**Task goal:**
For this exercise, return exactly the lines of the material below that begin at the one with "Auto Carbon Fiber" and stop after the one with "iPhone7 iPhone8 ケース".

-------- Source data --------

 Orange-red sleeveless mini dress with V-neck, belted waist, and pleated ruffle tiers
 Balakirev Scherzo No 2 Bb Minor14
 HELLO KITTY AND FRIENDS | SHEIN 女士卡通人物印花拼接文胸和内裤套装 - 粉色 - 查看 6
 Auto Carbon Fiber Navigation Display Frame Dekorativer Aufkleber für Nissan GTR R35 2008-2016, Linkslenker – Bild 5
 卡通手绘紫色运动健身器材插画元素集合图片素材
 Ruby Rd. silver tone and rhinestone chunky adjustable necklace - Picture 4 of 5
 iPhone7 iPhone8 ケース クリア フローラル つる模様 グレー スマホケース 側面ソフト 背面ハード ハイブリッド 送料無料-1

--------
-------- Source data --------

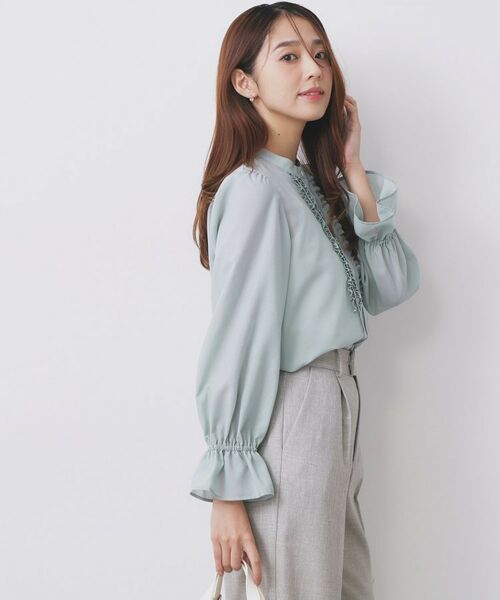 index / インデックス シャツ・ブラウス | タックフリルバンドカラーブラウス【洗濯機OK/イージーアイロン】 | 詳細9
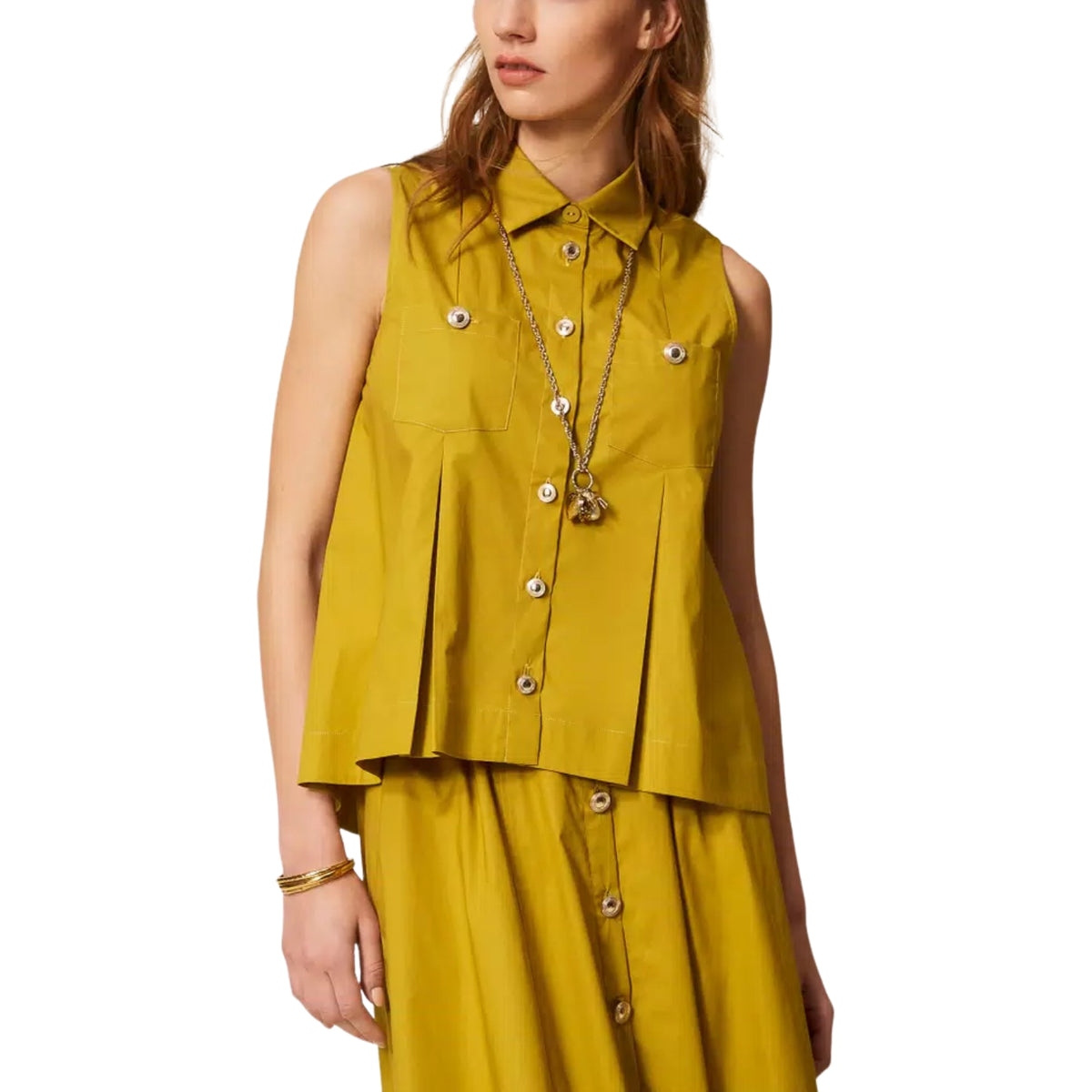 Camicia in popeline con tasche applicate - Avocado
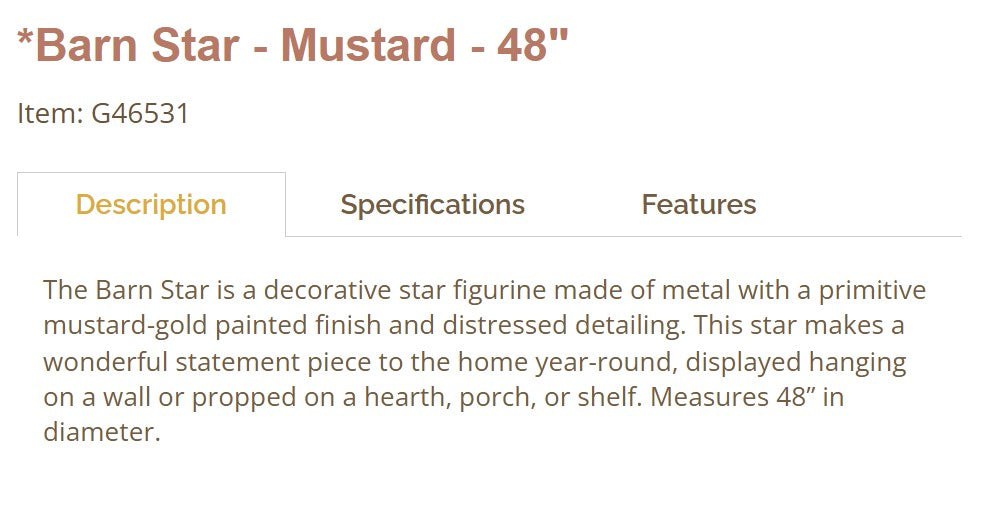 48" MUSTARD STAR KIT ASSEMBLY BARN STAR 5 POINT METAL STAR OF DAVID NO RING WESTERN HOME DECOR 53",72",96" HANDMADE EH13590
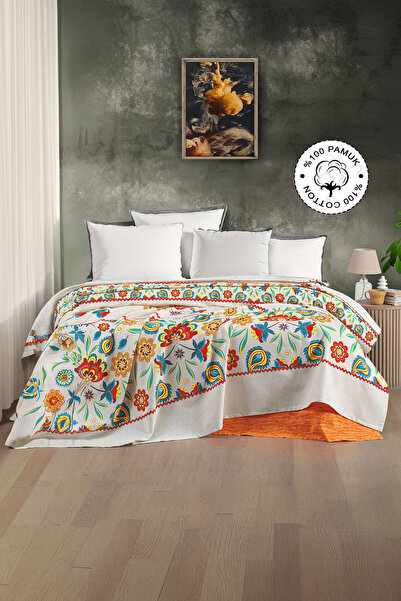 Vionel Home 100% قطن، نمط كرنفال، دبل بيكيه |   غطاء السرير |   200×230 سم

--------

**Result of the exercise:**
 Auto Carbon Fiber Navigation Display Frame Dekorativer Aufkleber für Nissan GTR R35 2008-2016, Linkslenker – Bild 5
 卡通手绘紫色运动健身器材插画元素集合图片素材
 Ruby Rd. silver tone and rhinestone chunky adjustable necklace - Picture 4 of 5
 iPhone7 iPhone8 ケース クリア フローラル つる模様 グレー スマホケース 側面ソフト 背面ハード ハイブリッド 送料無料-1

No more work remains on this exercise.